▶ TASK PROMPT
Please retype the data below exactly, stopping after the line with "Shaggy Of The" and skipping every picture.

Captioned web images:
########
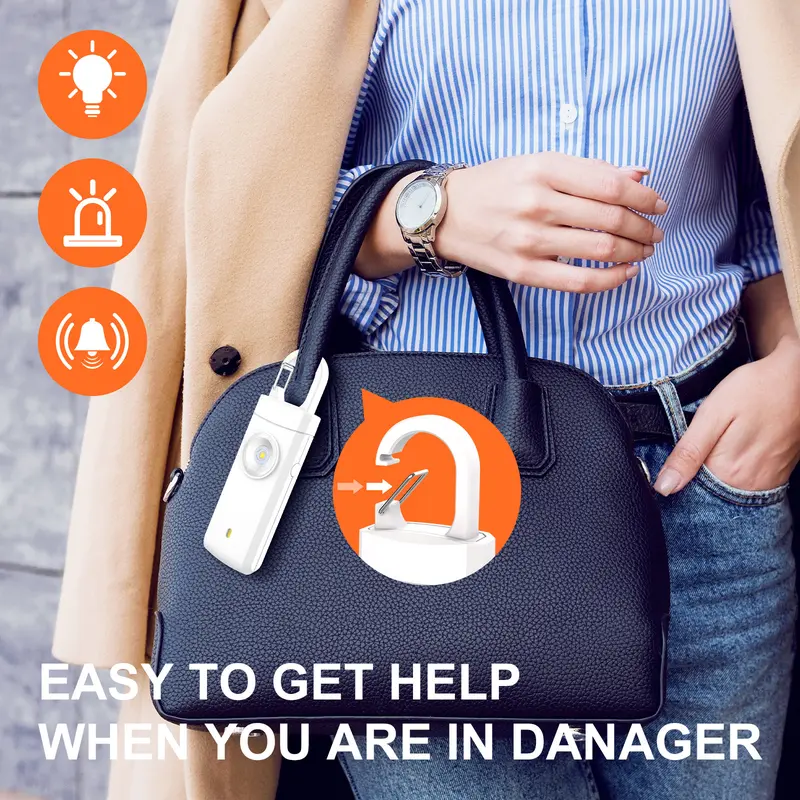 The Original Personal Safety Alarm for Women by Women-Portable Loud Siren, Alarm Horn, Strobe Light, Spotlight Siren Alarm and Key Chain in a Variety of Colors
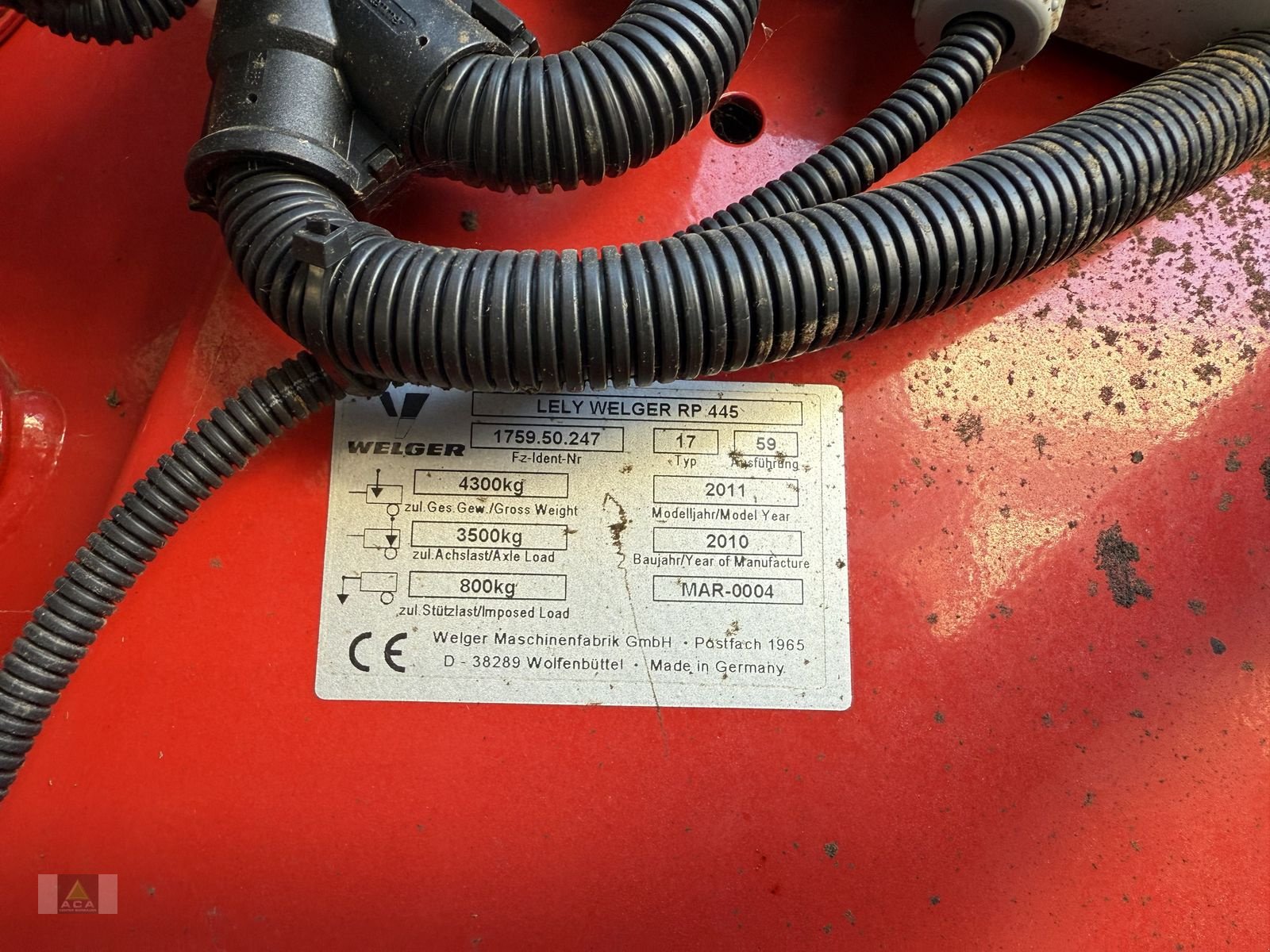 Rundballenpresse типа Welger LELY  RP 445, Gebrauchtmaschine в Markt Hartmannsdorf (Фотография 9)
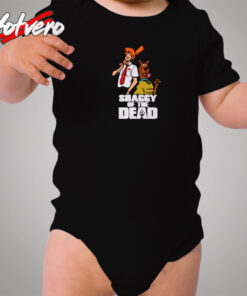 Shaggy Of The Dead Scoobydoo Mystery Cozy Baby Onesies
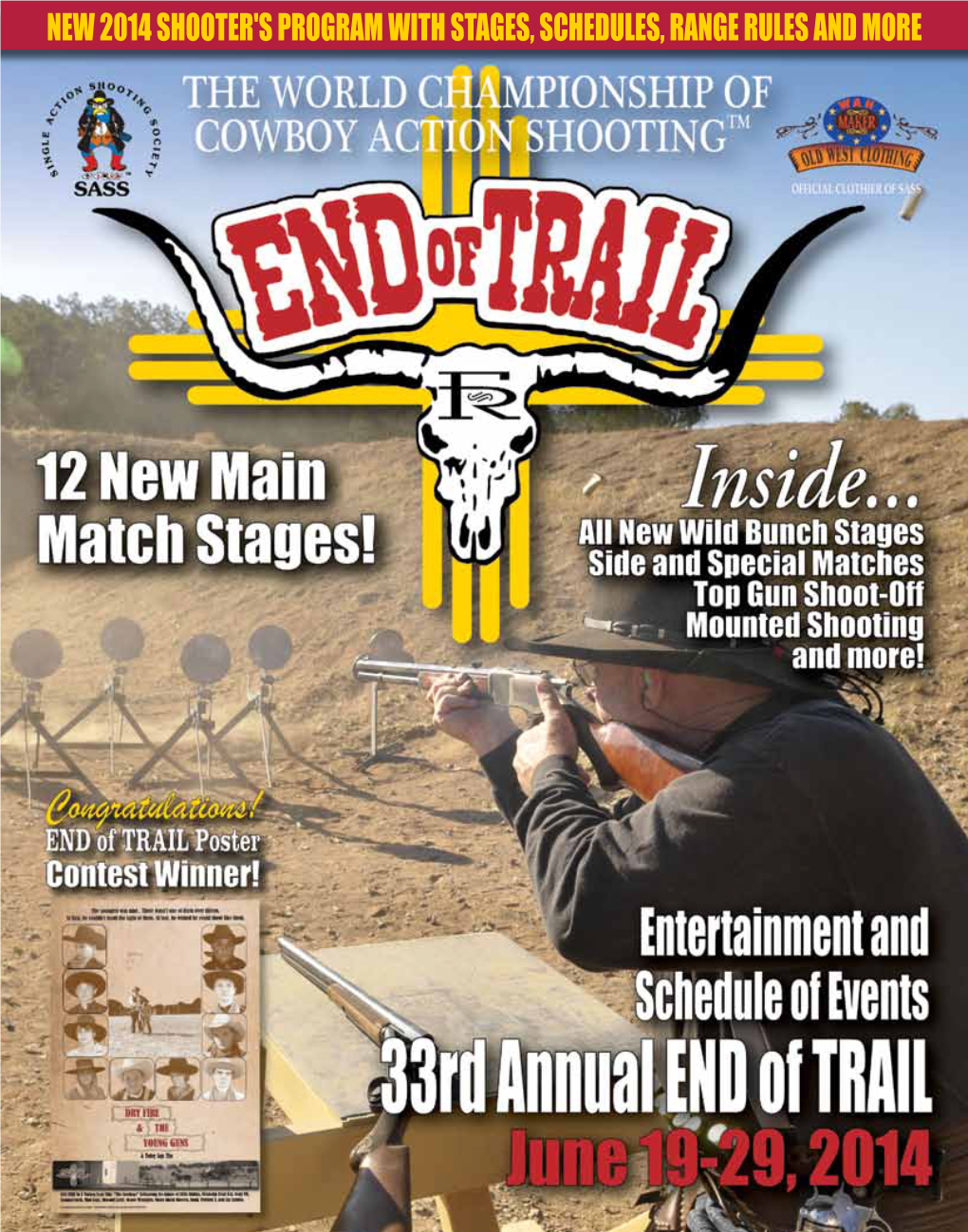 New 2014 Shooter's Program with Stages, Schedules, Range Rules and More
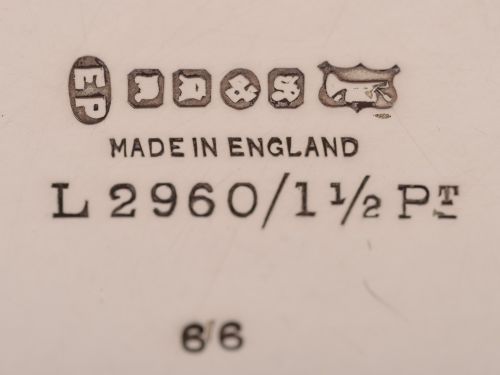 Art Deco Cocktail Shaker With Measure Circa 1930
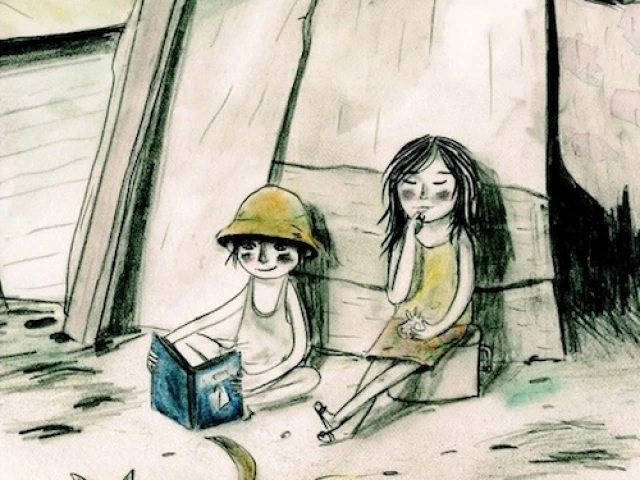 Interior illustration from Pablo Finds a Treasure by Andree Poulin and Isabelle Malenfant.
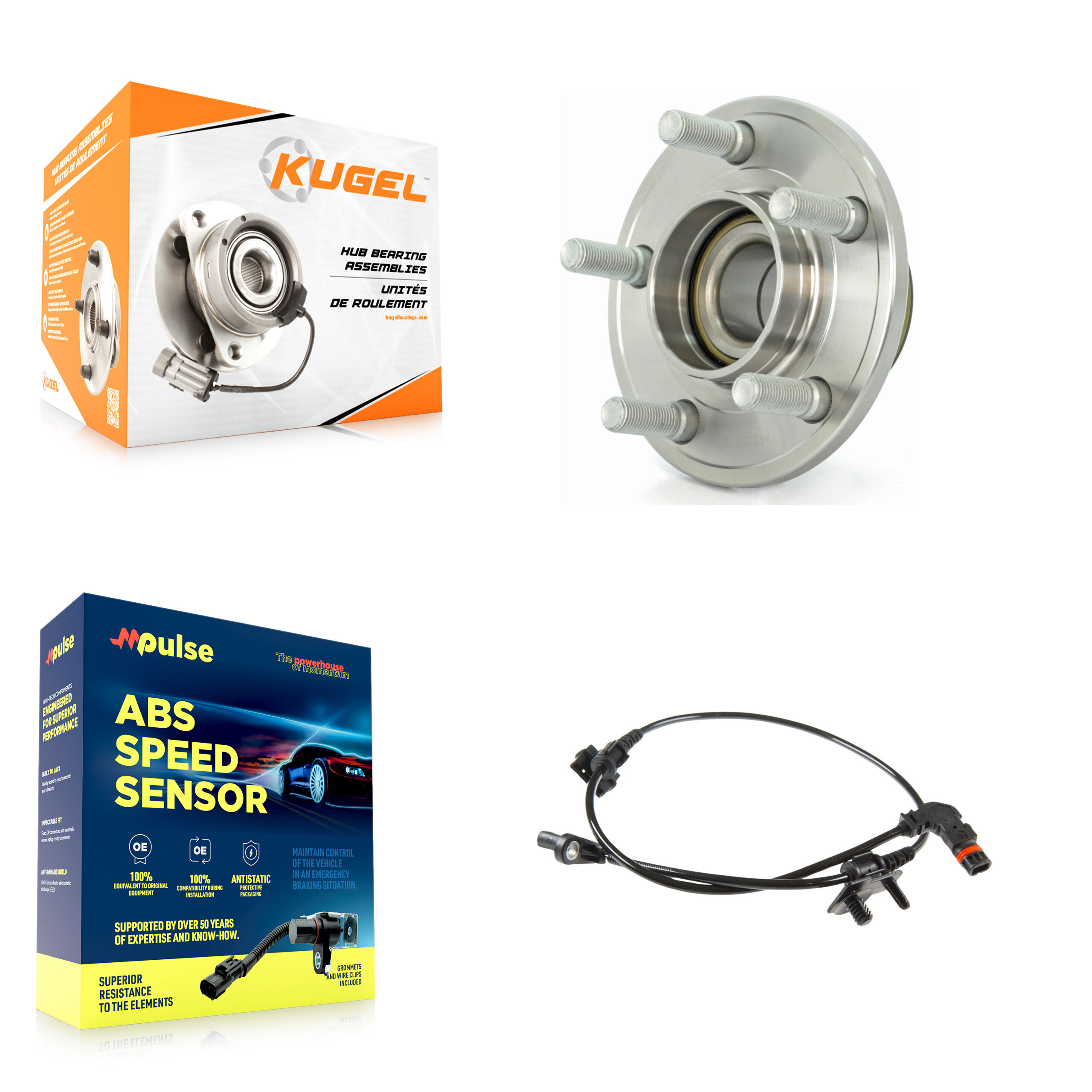 Kugel - K7S-100102 - Front Wheel Bearing and Hub Assembly Kits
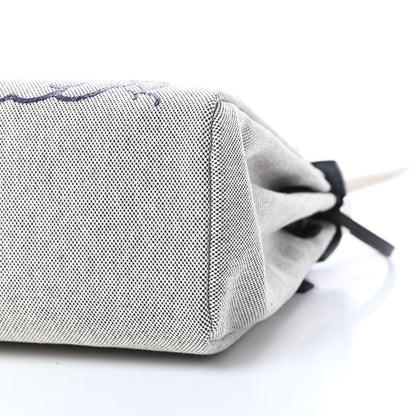 Hermes Vache Hunter Toile Pegase Pop Herbag Zip Retourne 31 PM Bleu Indigo 11 of 12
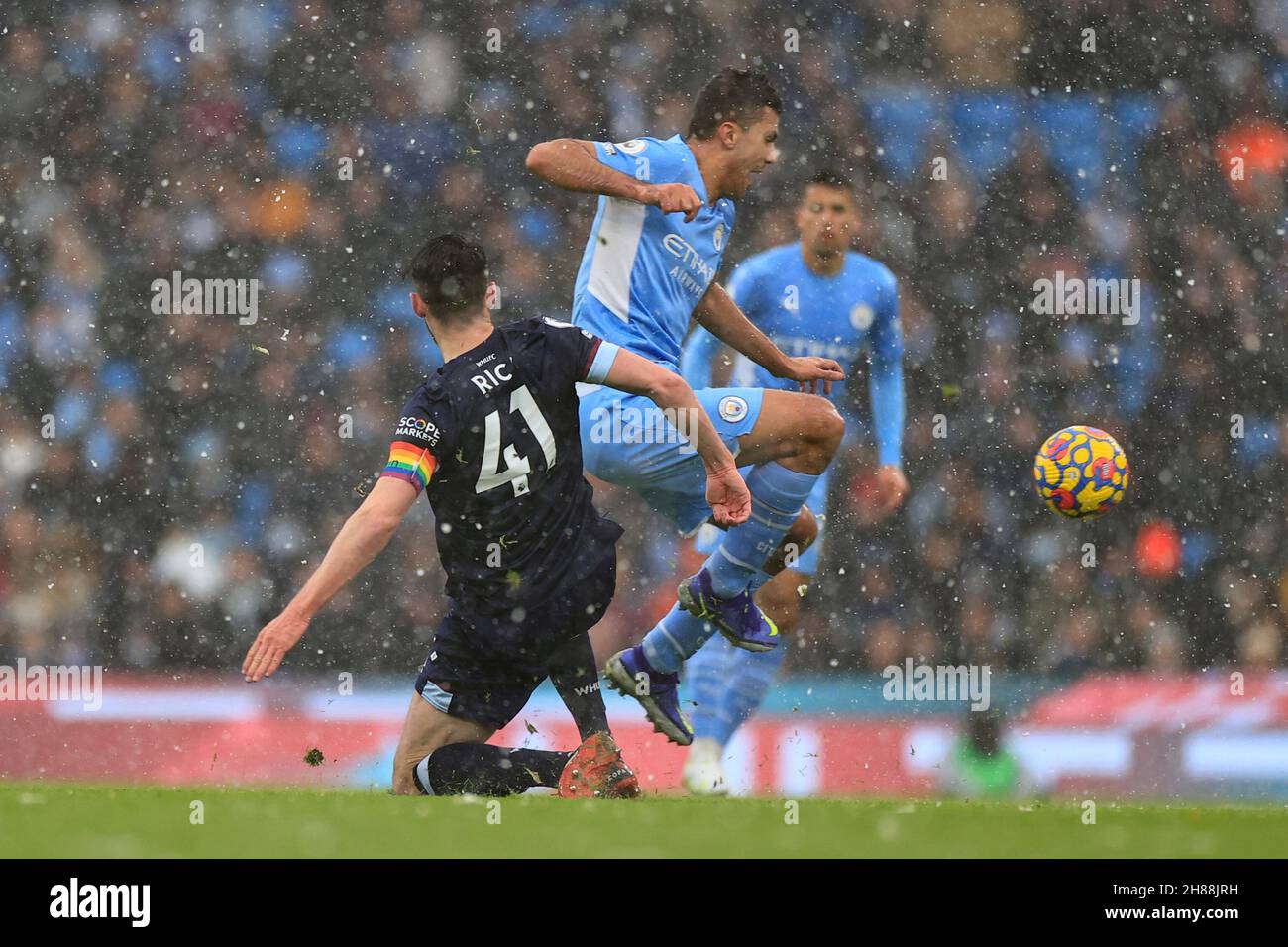 Photo Rice Rodrigo Declan rice manchester city hi-res stock photography and images - Alamy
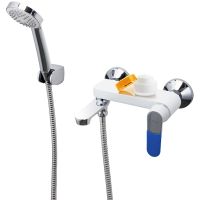 Смеситель для ванны Frap H34 Белый Хром арт-F3234 — фото 3, Смеситель для ванны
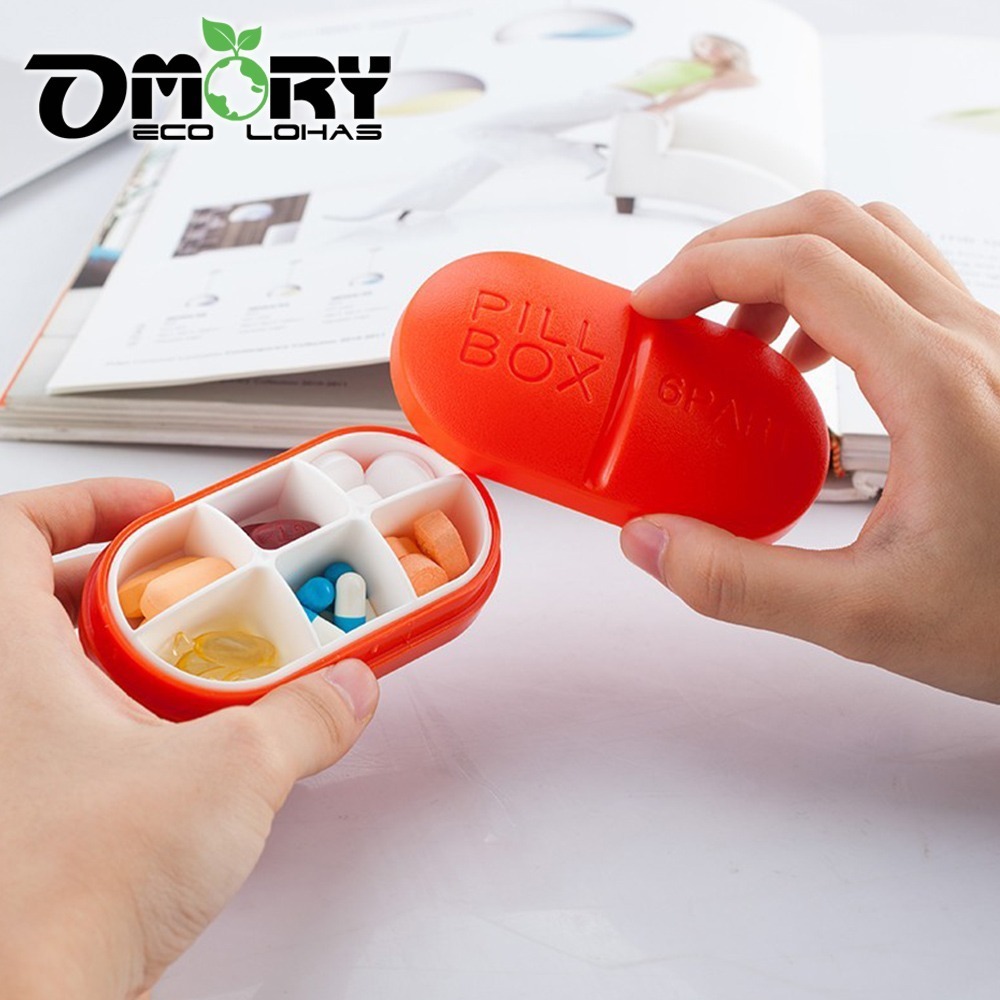 【限時購】【OMORY】攜帶型膠囊六格藥盒-細節圖8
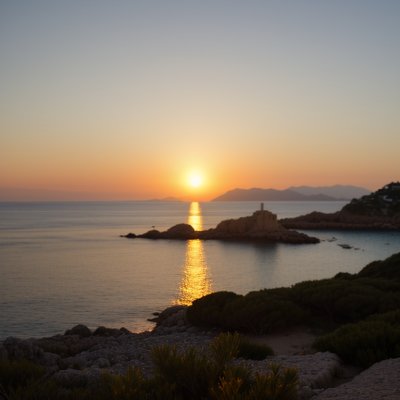sunrise, calvi, corsica, bay, sea, sky, morning, nature, landscape, mountains, mediterranean, island, summer, vacation, harbor, sun, dawn, water, clouds, france, gulf of calvi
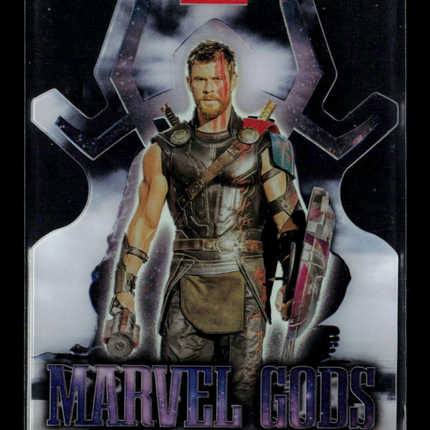 2025 Topps Marvel Studios Chrome Chris Hemsworth Thor Insert Marvel Gods #MG-22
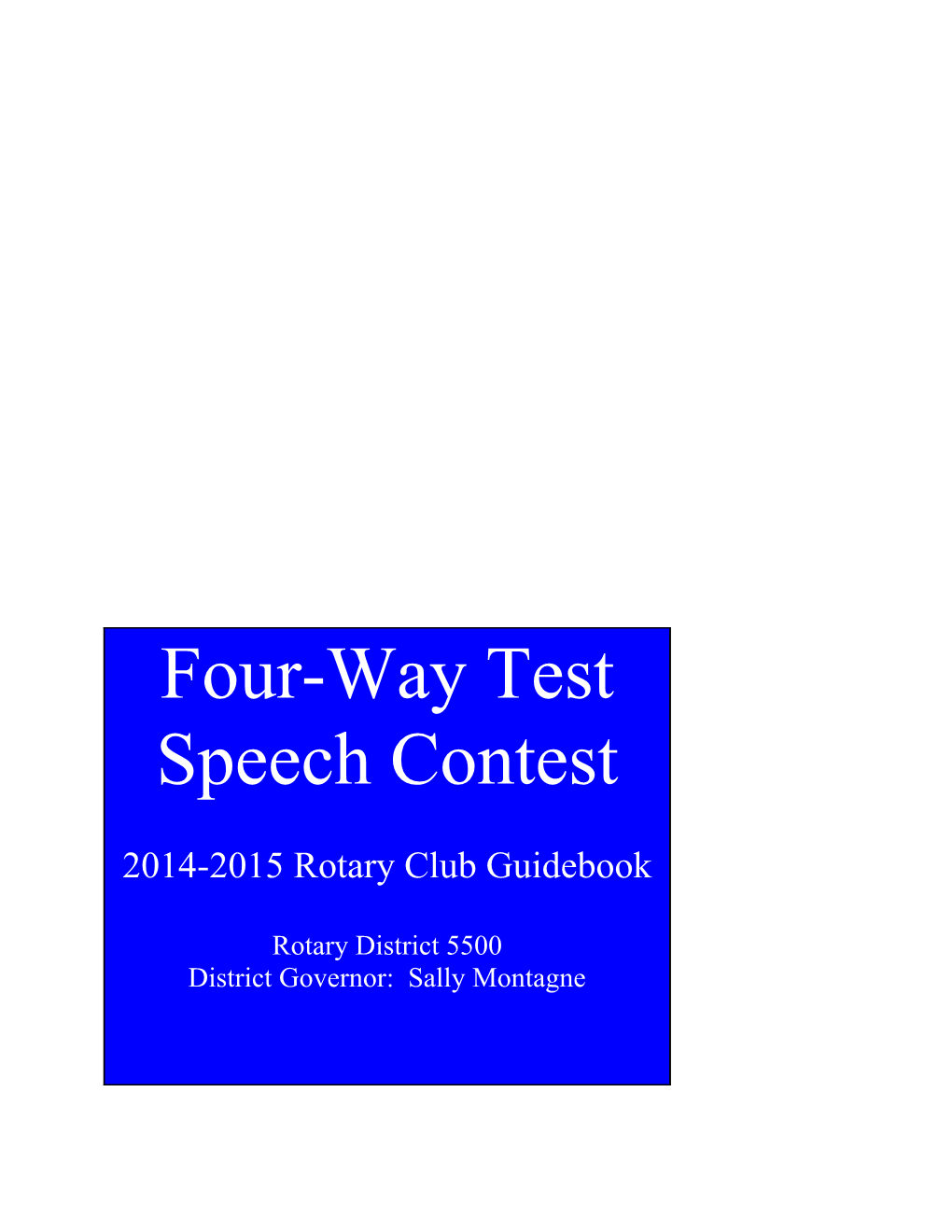 4-Way Test Contest Participant Guidebook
########
▶ RESULT OF THIS EXERCISE
 The Original Personal Safety Alarm for Women by Women-Portable Loud Siren, Alarm Horn, Strobe Light, Spotlight Siren Alarm and Key Chain in a Variety of Colors
 Rundballenpresse типа Welger LELY  RP 445, Gebrauchtmaschine в Markt Hartmannsdorf (Фотография 9)
 Shaggy Of The Dead Scoobydoo Mystery Cozy Baby Onesies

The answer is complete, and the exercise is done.